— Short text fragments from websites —
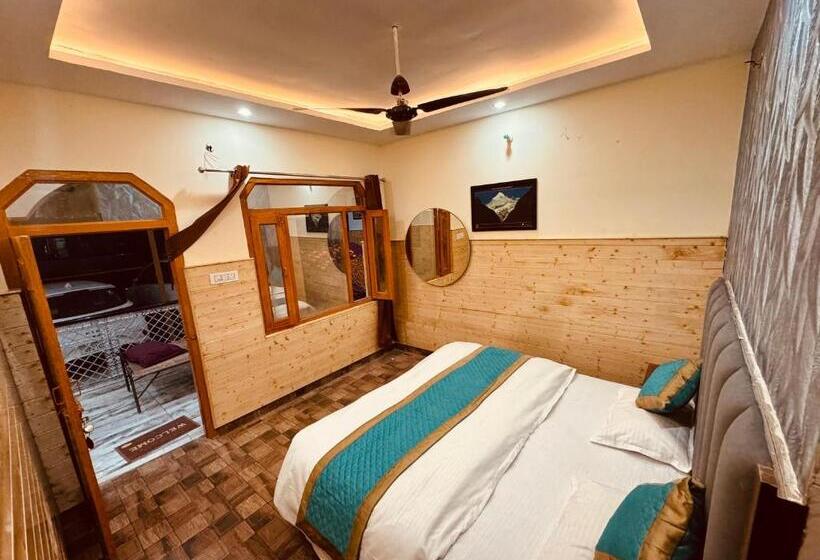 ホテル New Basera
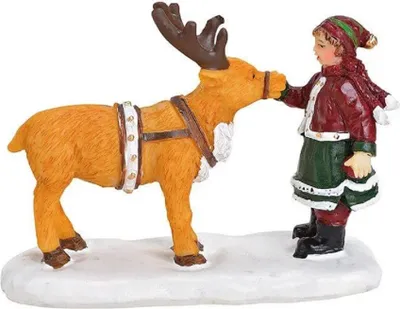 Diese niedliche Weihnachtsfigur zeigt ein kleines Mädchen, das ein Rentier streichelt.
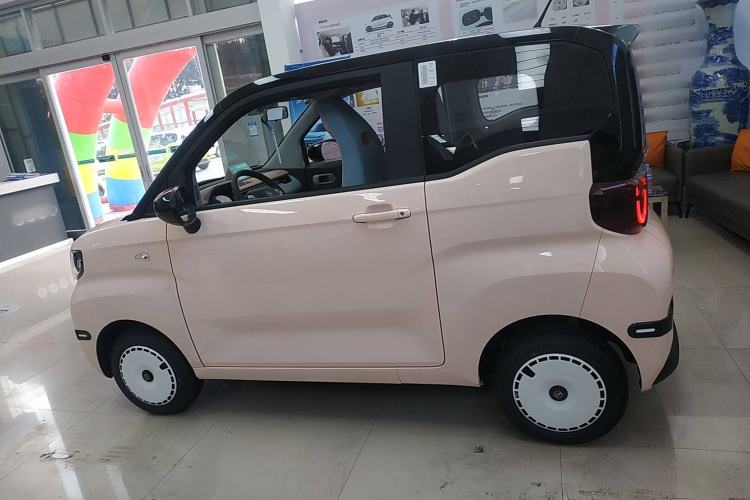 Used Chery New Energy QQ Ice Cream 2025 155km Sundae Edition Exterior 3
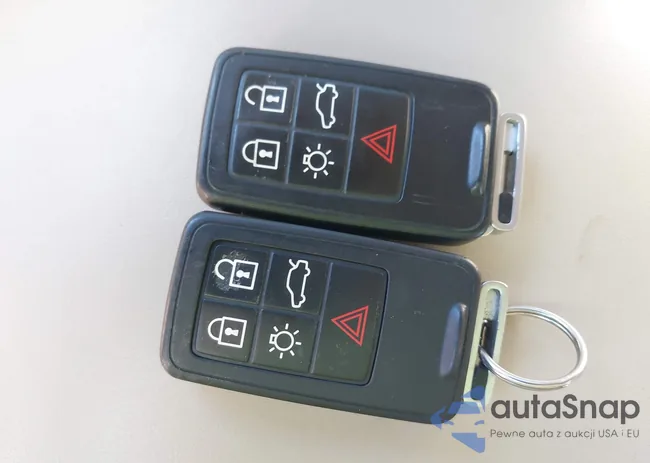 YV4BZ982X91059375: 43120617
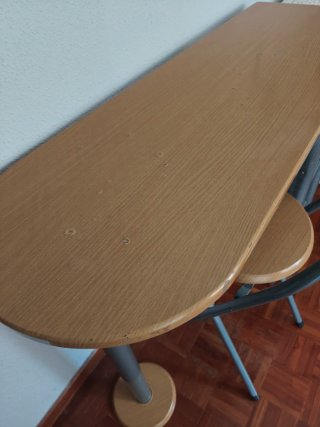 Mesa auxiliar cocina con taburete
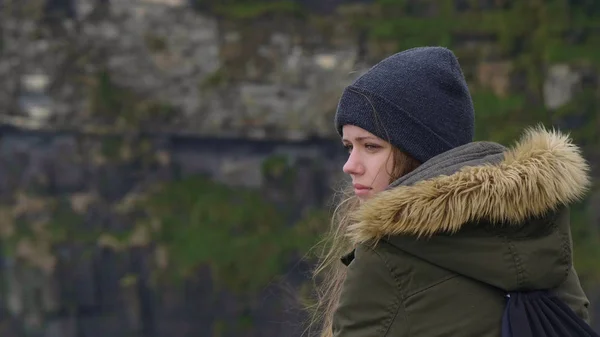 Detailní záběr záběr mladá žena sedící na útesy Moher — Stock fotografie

— THE PROBLEM —
The entries above need to be repeated in full, word for word. Skip the images.

— RESPONSE FOR THIS EXERCISE —
 ホテル New Basera
 Diese niedliche Weihnachtsfigur zeigt ein kleines Mädchen, das ein Rentier streichelt.
 Used Chery New Energy QQ Ice Cream 2025 155km Sundae Edition Exterior 3
 YV4BZ982X91059375: 43120617
 Mesa auxiliar cocina con taburete
 Detailní záběr záběr mladá žena sedící na útesy Moher — Stock fotografie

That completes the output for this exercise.